Dan Hicks had a great line many years ago, "How can I miss you when you won't go away?" He made a quirky song out of it.



This line always pops into my head when the bombast of world class liars and frauds intrudes too much into my little world.  The song has ebbed and flowed in my brain throughout the forty plus years I can remember first hearing it and then immediately thinking of Richard Nixon, and why he would just never go away. Until, finally, he did one late summer in 1974 just go away with a spastic wave before boarding a taxpayer funded helicopter to fly off into obscurity and exile. The awkward wave was almost Napoleonic in its bizarre parting gesture to a nation. The nation had had enough of Dick.

This first month of January in 2013 we have two characters filling the news pages with their tawdry stories of deceit, Lance Armstrong and Manti T'eo.  Lance utterly fails all attempts to categorize him as a human being. If you read any of the multitude of articles over the years and the many detailed accounts of the lengths his corporate goons went about attacking and ruining any person who actually spoke the truth you just want this guy to die instantly and disappear from recorded history. Sadly, this will not be the case. Lance just reaches the upper echelon of fakes during this age of money fueled  disinformation. Manti T'eo's story, although stupefying and a giant pie in the face to all who cover college football for a living, comes off as a stupid teen prank gone big-time bad for Notre Dame, and Manti T'eo. Of course, this hallmark university of all things college football can mourn a fake girl who died, but not one who committed suicide after getting the brush off from Notre Dame after accusing one of its football players of rape.

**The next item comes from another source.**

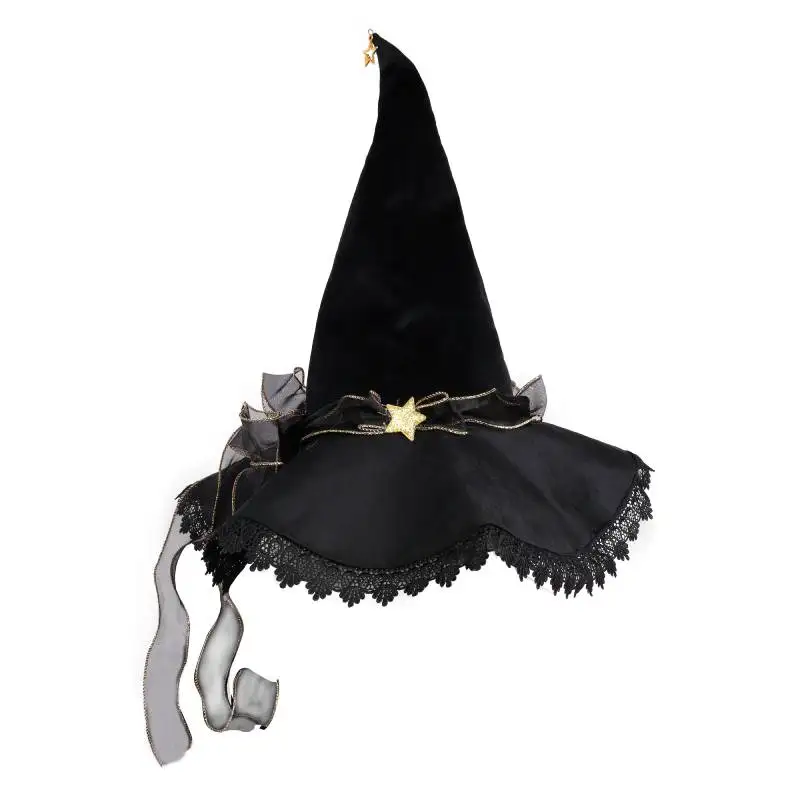 

DAZCOS Women Black Velvet Witch Hat with Lace Brim Wizard Cosplay Halloween Fancy Dress Party Costume Accessory Pointed Hat Gift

Here is a Rick Reilly column owning his swallowing hook, line and sinker every Lance lie. This could be the general media template for all upcoming articles of gullibility and no accountability by members of our illustrious advertising sponsor-paid press corps. The Daily Coyote has more journalistic integrity than nearly all the high paid talent working for big media and their advertisers today. No one pays this lady to spin a yarn a certain way. The photos are honest, not an advertiser's demand.

No rational person in the world should be surprised at these latest liars, just at how many there are these days. Let's be honest, we are still paying off the eight year misadventure called the Iraq War, which was waged on outright lies by the Bush Administration, and whose total cost can never be accurately measured. We have had the nation's key financial advisers fail to tell the truth regarding their casino exploits with credit swaps and mortgage securities bundled together as billion dollar investments not worth a thousand dollars. Major banks and lending institutions lied to their their borrowers repeatedly on what the true cost of the loans they sold would be for a decade. We lived through the 1990s where every baseball game was a fraud, and applauded for every home run until the juice story leaked through the muscled biceps of the armies of players injecting PEDs into their bodies. We have seen the lies at Penn State, and the awful repercussions of those victims, but Penn State certainly seems well enough after a short hiccup in the public consciousness. None in the major media outlets during any of these gargantuan frauds and abuses of power raised a finger to point out the truth, until way after the fact. And wasn't it just yesterday when we saw a different Tiger Woods and John Edwards?

The apologies are not even apologies today, just news cycle spin  filled with crocodile tears for the conglomerate media. The charlatans of today are now brands, incorporated piles of legal teams and media consultants. Sad day when people morphed into a brand of advertising piffle. I can't feel sorry for a brand. I feel pity for all those who swallow up whatever soap, fragrance or charity work the brand sells to make itself more powerful.